Reason for the Amendment

At the Annual Meeting, stockholders are being asked to approve certain amendments to the ESPP as described below, including an amendment to increase the number of shares of our Class A common stock, or the Shares, authorized for sale under the ESPP. These amendments collectively will be referred to as the ESPP Amendment. The ESPP was initially adopted by our Board in December 2015 and was approved by our stockholders in March 2016. The ESPP became effective in September 2016 in connection with our initial public offering, or IPO. The ESPP is intended to provide an incentive to our employees who are eligible to participate by allowing them to purchase Shares at a price equal to 85% of the lower of the fair market value of the Share on either the first or last trading day of the applicable purchase period. As a result, the ESPP helps us align our employees’ interests with those of our stockholders and also assists us in recruiting, retaining and motivating qualified personnel who help us achieve our business goals, ultimately creating long-term value for our stockholders.

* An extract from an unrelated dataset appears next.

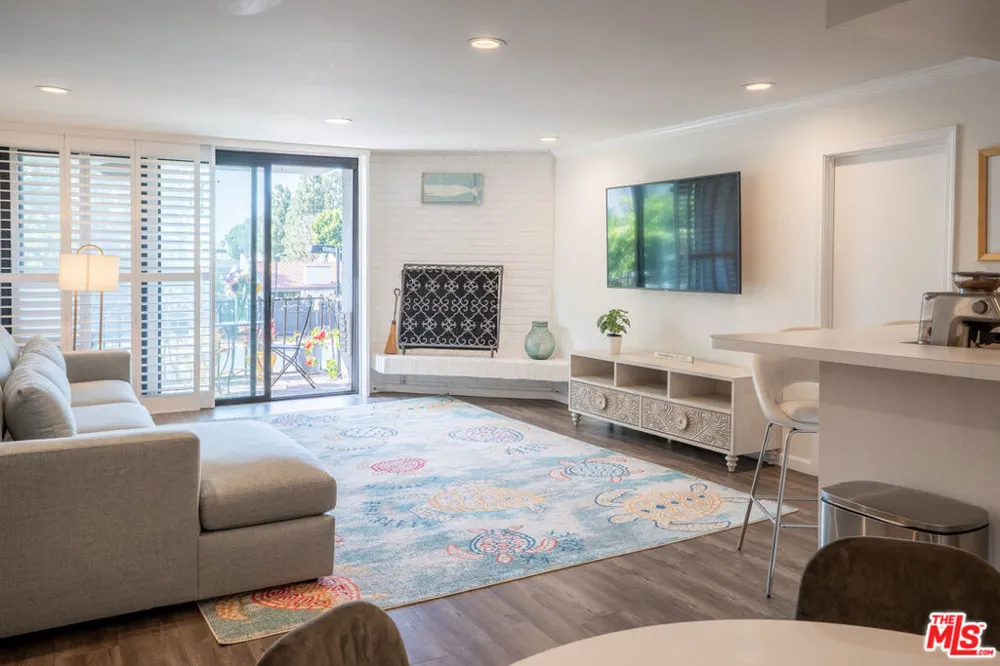 8145 Redlands Street #205 Playa del Rey, CA 90293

As of the Record Date, 2,329,531 Shares remained available for sale under the ESPP. As further described below, the ESPP currently contains a provision, commonly referred to as an Evergreen Provision, that, on an annual basis on the first day of the Company’s fiscal year, automatically increases the maximum number of Shares available for sale under the ESPP by an amount that is equal to the least of (i) 3,800,000 Shares, (ii) a number of Shares equal to 1% of the outstanding shares of all classes of the Company’s common stock on the last day of the immediately preceding fiscal year, or (iii) an amount determined by the Compensation Committee, who is the administrator of the ESPP, or the Administrator. However, even if we take into account the additional Shares that would be available for sale under the ESPP pursuant to the Evergreen Provision, due to (i) the significant increase in our employee population, from approximately 4,010 employees as of July 31, 2018 to approximately 5,340 employees as of July 31, 2019, (ii) projected increases in our employee population over our coming fiscal years, and (iii) the current rate of shares being purchased under the ESPP, we currently estimate that the remaining Share reserve would only last us through approximately the September 20, 2020 purchase date. As a result, the ESPP Amendment would (i) remove the Evergreen Provision from the ESPP, and (ii) increase the number of Shares currently available for sale under the ESPP by 9,200,000 Shares, bringing the total number of Shares that remain available for sale under the ESPP to 11,529,531 Shares, which represents approximately 6% of our outstanding Shares as of the close of business on the Record Date. The Company’s stockholders are being asked to approve the ESPP Amendment so that we may continue to operate the ESPP in light of its important role in encouraging equity ownership among our employees and assisting the Company to recruit, retain and motivate qualified personnel. Other than the ESPP Amendment, we have not made any material amendments to the ESPP since it became effective in September 2016.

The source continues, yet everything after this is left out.